Time & Attendance
By George Wood
May. 20, 2011
Earlier this year, the U.S. Supreme Court ruled that a hospital worker could sue his former employer for the animosity of supervisors who did not make the ultimate decision to fire him.
The decision struck down a narrow version of the so-called cat’s paw theory of employer liability. But its practical effects for employers are unclear.
Vincent Staub brought his indirect discrimination case under the Uniformed Services Employment and Reemployment Rights Act, or USERRA, claiming his firing by Proctor Hospital of Peoria, Illinois, was motivated by hostility to his obligations as a military reservist.

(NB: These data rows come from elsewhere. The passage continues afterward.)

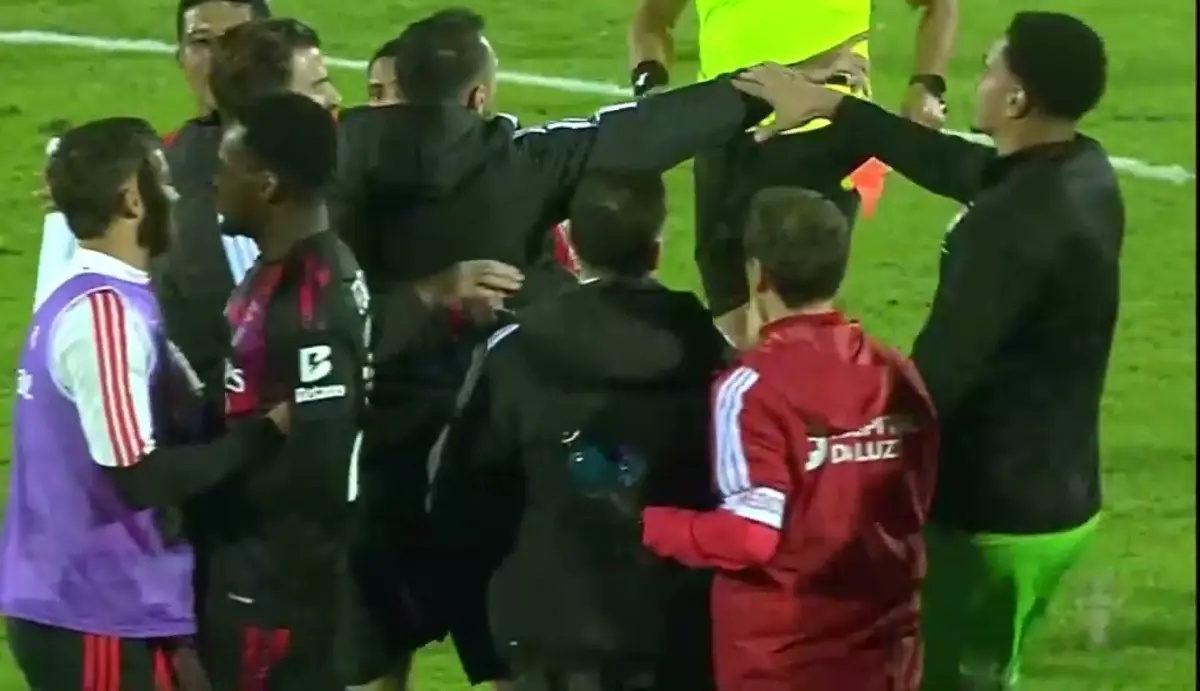 Confusão no final do Santa Clara-Benfica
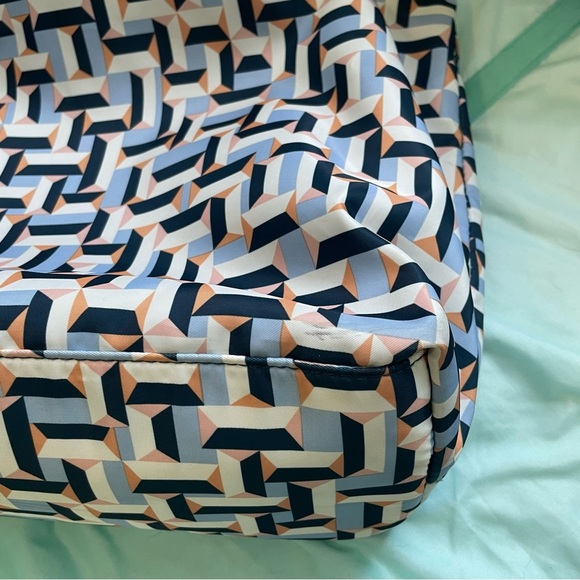 2/$10 A New Day Zippered Tote with laptop compartment - Picture 5 of 12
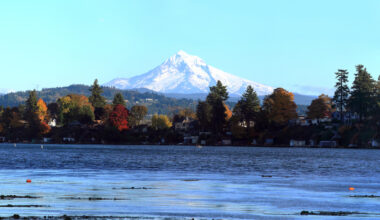 Nestled On Oregon's Columbia River Is A Pacific Northwest City With Scenic Lakes, Fishing, And Wetland Trails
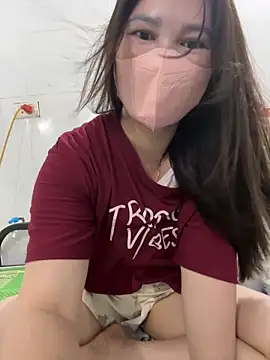 Snapshot of Moan_Mary chatting on 26, 3, 2026 Moan Mary online show from 26, 3, 2026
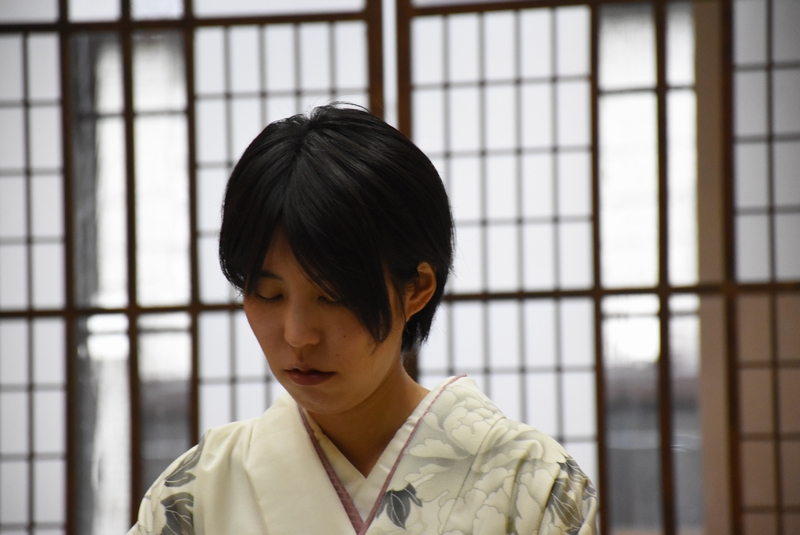 shogi_mobile's tweet photo. 飛龍＠京都＞ヒューリック杯第６期白玲戦七番勝負第４局、▲西山－△福間戦は西山白玲が攻め、辛抱を続けてきた福間女流四冠も大駒のさばきに勝負を懸けました。残り時間はともに１時間を切り、いよいよ終盤戦に入っていきます。 https://t.co/TvngaupXnV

Two supervisors, Janice Mulally and Michael Korenchuk, had made negative comments about his duties, with Korenchuk referring to them as “a b[u]nch of smoking and joking and [a] waste of taxpayers[‘] money.” In deciding to terminate him, the vice president of human resources reviewed Staub’s personnel file, which included a disciplinary warning issued a few months earlier by Mulally.
The cat’s paw theory, which gets its name from a 17th-century fable, allows liability against an employer even if the actual supervisor who disciplines a worker does not act out of bias but the disciplinary decision was influenced by the bias of another supervisor.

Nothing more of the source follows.